Mauch Chunk Opera House
- Industry: Arts and entertainment
- Predecessor: Capitol Theater
- Founded: 1881
- Founder: Addison Hutton
- Headquarters: Jim Thorpe, Pennsylvania, United States
- Website: https://mcohjt.com/

= Mauch Chunk Opera House =

Theatre in Jim Thorpe, Pennsylvania

The Mauch Chunk Opera House, formerly known as the Capitol Theater, is a theatre in Jim Thorpe, Pennsylvania in the United States.

Built in 1881 by architect Addison Hutton on "millionaires row" in the former community known as Mauch Chunk, the cornerstone was laid on August 10, 1881. The theater then officially opened its doors to patrons in 1882.

==History==
Originally designed as a nine hundred-seat concert hall with a farmers' market on the first floor, the Mauch Chunk Opera House was one of the earliest Vaudeville theaters in America, and was managed earlier on by W. D. White, who was succeeded in 1886 by Moses H. Burgunder (1852-1900), a native of Wilkes-Barre, Pennsylvania who achieved fame for his management of entertainment venues across northeastern Pennsylvania, including the Wilkes-Barre Music Hall. Although Burgunder initially had difficult relations with the owners of the opera house, patrons of the house were highly supportive of him, giving him standing ovations at the beginning of multiple sold-out shows, including Fogg's Ferry in which Lizzie Evans, "the Little Electric Battery," starred in January 1886.

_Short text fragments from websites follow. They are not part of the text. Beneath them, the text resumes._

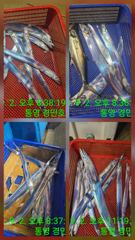 통영 경민호 3일 갈치 입항조항 입니다 사진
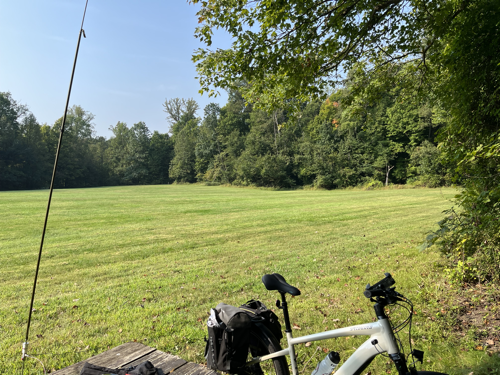 The empty field where I operate with my antenna and bike in the frame.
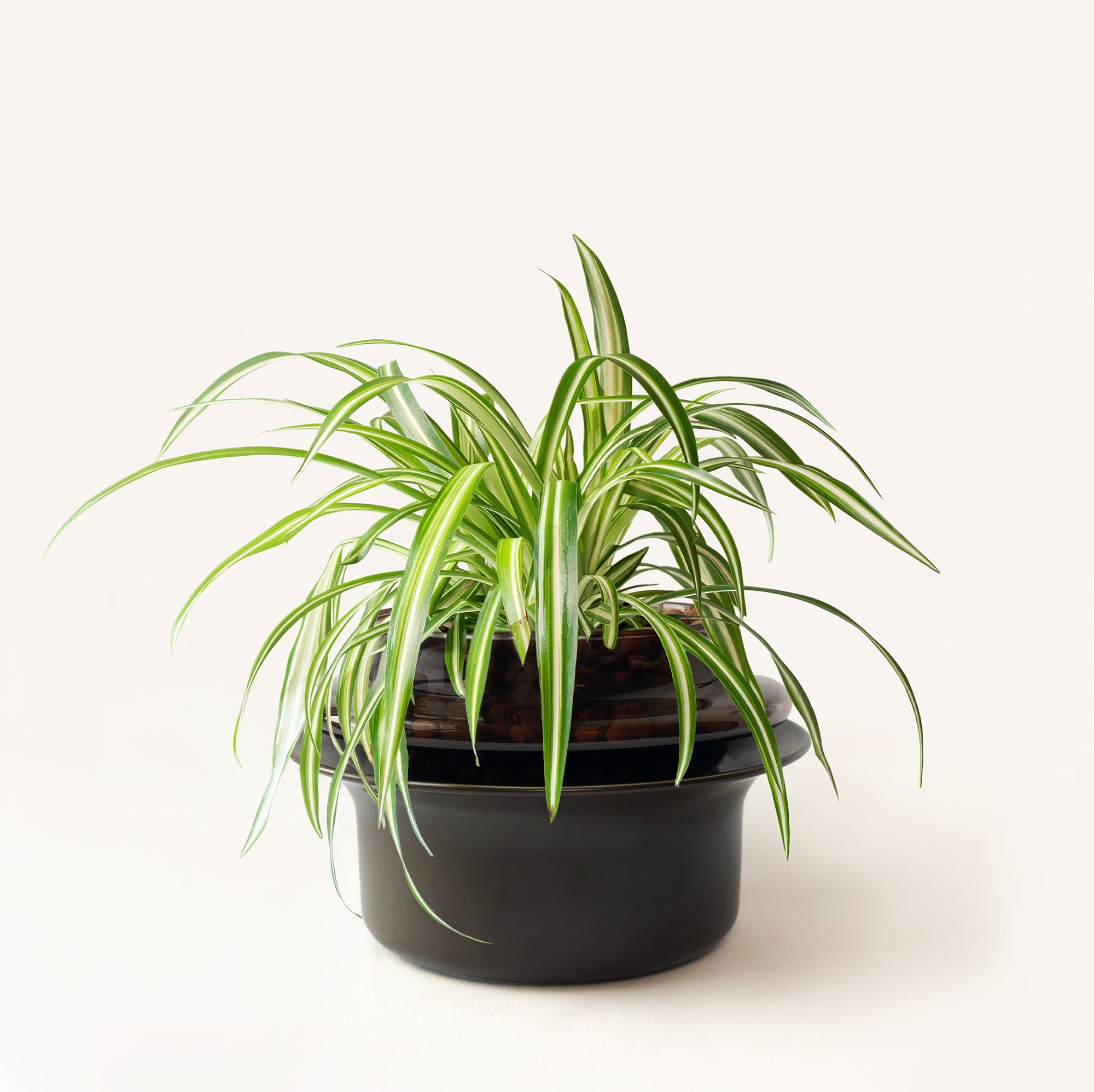 Small,Espresso,Espresso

During the mid-1890s, Harry Faga, the town's former burgess was the lease holder and treasurer of the opera house. On May 26, 1894, the Beethoven Maennerchor of Bethlehem performed in an evening concert at the opera house, which also served as a venue for political rallies during this era.

Celebrities appearing there included Mae West, Al Jolson, John Philip Sousa, and Eddie Foy Sr. The last film to ever be shown at the opera house under its original name was Tell It to the Marines, on July 5, 1927. That month, Mauch Chunk resident Howard DeHart achieved the distinction of being the person to buy the first and last tickets of the house, which had been purchased earlier that year by the Comerford Amusement chain. Remodeled by the company that summer, the opera house was then subsequently renamed as the Capitol Theater and reopened for business.

Used as a movie house during the early silent screen era, it gradually declined in popularity, and was sold in 1962 to a local purse factory, which used it as a warehouse Abandoned in the mid-1970s, it was purchased from Yannis Simonides and Billy Padgett of Brooklyn, New York for $5,300 on November 30, 1977 by members of the recently formed Mauch Chunk Historical Society and other local citizens of Jim Thorpe (the new name chosen for their town after it had been reincorporated). The Historical Society oversaw its remodeling and then reopened it in time for its centennial celebration in 1981. It went on to become a popular venue for holiday events, a "haunted theater" and other local productions. In 2003, area residents Vincent DeGiosio and Christine McGorry Degiosio, and businessman and gallery owner Daniel Hugos refurbished the theater again, and then booked new entertainment acts. Presently, the Mauch Chunk Opera House has a capacity of roughly four hundred seats.